Este año, además, tienen doble bala en la recámara. Si con El irlandés tienen todo a favor para arrasar, lo podrían hacer perfectamente con Historia de un matrimonio, su segundo peliculón de este año y una de las mejores obras de este curso. Un filme que inexplicablemente se fue de vacío en el pasado Festival de Venecia y que estará nominado a todo en la carrera de premios que comienza ahora.
Historia de un matrimonio es la obra más redonda y madura de Noah Baumbach -director de Frances Ha y Una historia de Brooklyn-, además de ser uno de los retratos más certeros y crudos del proceso de un divorcio. Eso es lo que cuenta la película, ni más ni menos, ese momento en el que el amor se acaba, o se transforma, y dos personas supuestamente adultas deciden poner fin legalmente a su relación, en este caso con un niño de por medio.
Aquí no hay excesos melodramáticos, frases grandilocuentes y subrayados innecesarios, hay mucha verdad gracias al guion quirúrgico con el que Baumbach disecciona a esta pareja. Él, Adam Driver, es un director teatral; ella, Scarlet Johhanson, una actriz que renunció a todo por su marido y su hijo. En el momento de la separación salen los reproches, las vidas que no se vivieron, los momentos de duda y toda la basura que había acumulada bajo la alfombra.
El cariño a veces no es suficiente, y el proceso legal les lleva a meterse dentro de una bola de nieve que aumenta hasta llegar hasta explotar en una discusión que es una de las escenas más duras de ver del cine de este año. Un prodigio de contención e interpretación en el que Johansson y Driver se dejan la piel y remueven por dentro al espectador.
El excelente trabajo de los dos es otro de los pilares en los que se basa un filme que prefiere que el director desaparezca para que sean ellos y lo que dicen lo que brille. Un guion que no se posiciona, que alterna el punto de vista de cada uno de forma inteligente y que hace que el espectador se recoloque constantemente. Según avanza el metraje uno apoya más a Driver, pero en la siguiente escena es Johansson la víctima. Porque en un divorcio como este ninguno tiene razón, y la única víctima es el hijo que se usa como un trofeo en esta separación.

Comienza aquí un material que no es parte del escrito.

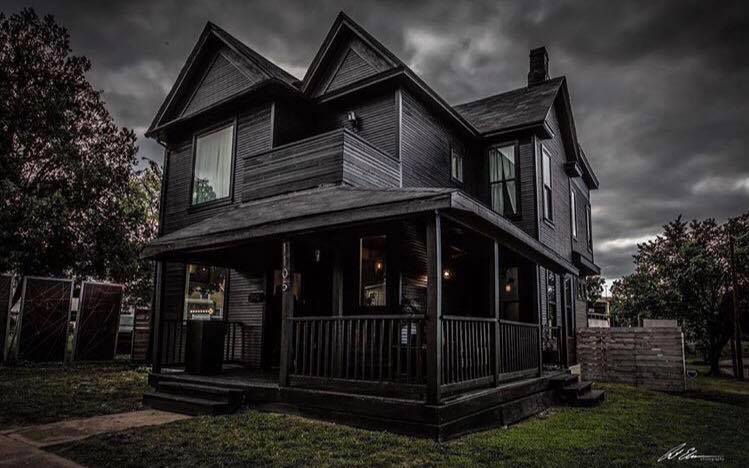 Black House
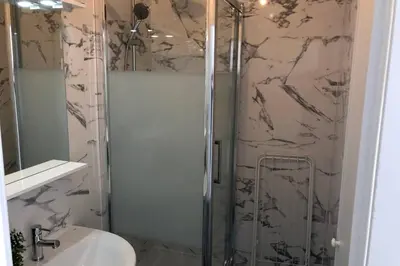 Salle de bains dans l'établissement FELLINI 3BR with safe parking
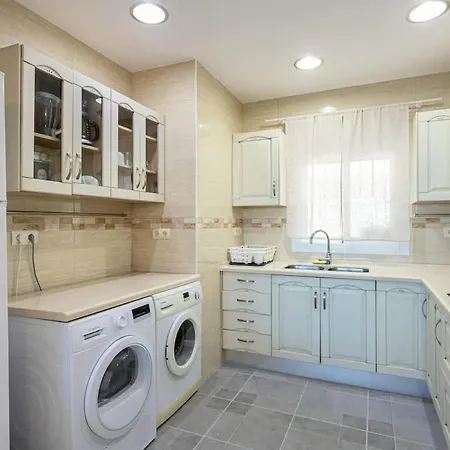 Feriehus Frontline Townhouse El Rosario- 4 Bedrooms *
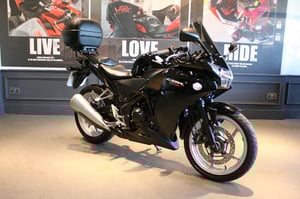 Watch video of Honda CBR250R CBR250R MANUAL PETROL SUPER SPORTS in Watford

Acierta también Noah Baumbach en su denuncia de los procesos legales que convierten la separación en una batalla a muerte, un duelo por ver quien es más cabrón de los dos. Un espectáculo en el que ellos son meros espectadores que confían en dos supuestos profesionales que lo que quieren es sacarle todo al oponente y saciar su ego. Estos tiburones son ray Liotta y Laura Dern, con un monólogo sobre lo que significa ser mujer que arrancó aplausos en su pase de Venecia. Una película que, además, apunta a la luz en un final casi humanista que apuesta por otro tipo de amor, por una relación en la que nadie salga herido de muerte.